Liquid sensing properties of poly(lactic acid) (PLA)/multi-walled carbon nanotube (MWNT) composites were studied on the basis of the change of electrical properties on solvent contact. The composites were prepared by melt processing using a twin screw extruder. The MWNT loading differed between 0.5 and 2.0 wt%, and an electrical percolation threshold below 0.5 wt% MWNT content was obtained. TEM observations revealed that the nanotubes form a conductive network structure in the PLA matrix, which is the key for liquid sensing. Electrical resistance of the composites was monitored in solvent immersion/drying cycles on samples prepared from thin pressed composite sheets. The resistance reversibly changed upon the cycles with good reproducibility.
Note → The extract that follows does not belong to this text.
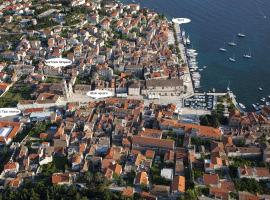 Apartments and Rooms Kampanel, hotel a Hvar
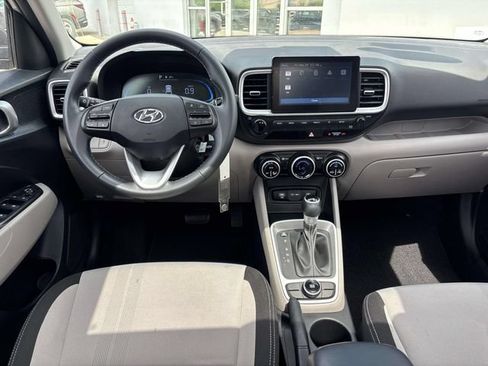 Certified 2023 Hyundai Venue SEL w/ Cargo Package FWD image 12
Lower MWNT loadings resulted in larger resistance changes, indicating that the conductive MWNT network tends to readily disconnect due to the less dense structures as compared to higher loadings. Various solvents (n-hexane, toluene, chloroform, tetrahydrofuran, dichloromethane, ethanol, and water) were successfully detected, showing different degrees of the resistance changes (ca. 4-1.0 × 103 Ω) and the relative resistance changes (ca. 0.003-3.0 × 103). The solubility parameters of the solvents were found to be good indicators to estimate liquid sensing properties of these PLA/MWNT composites for the poor and good solvents.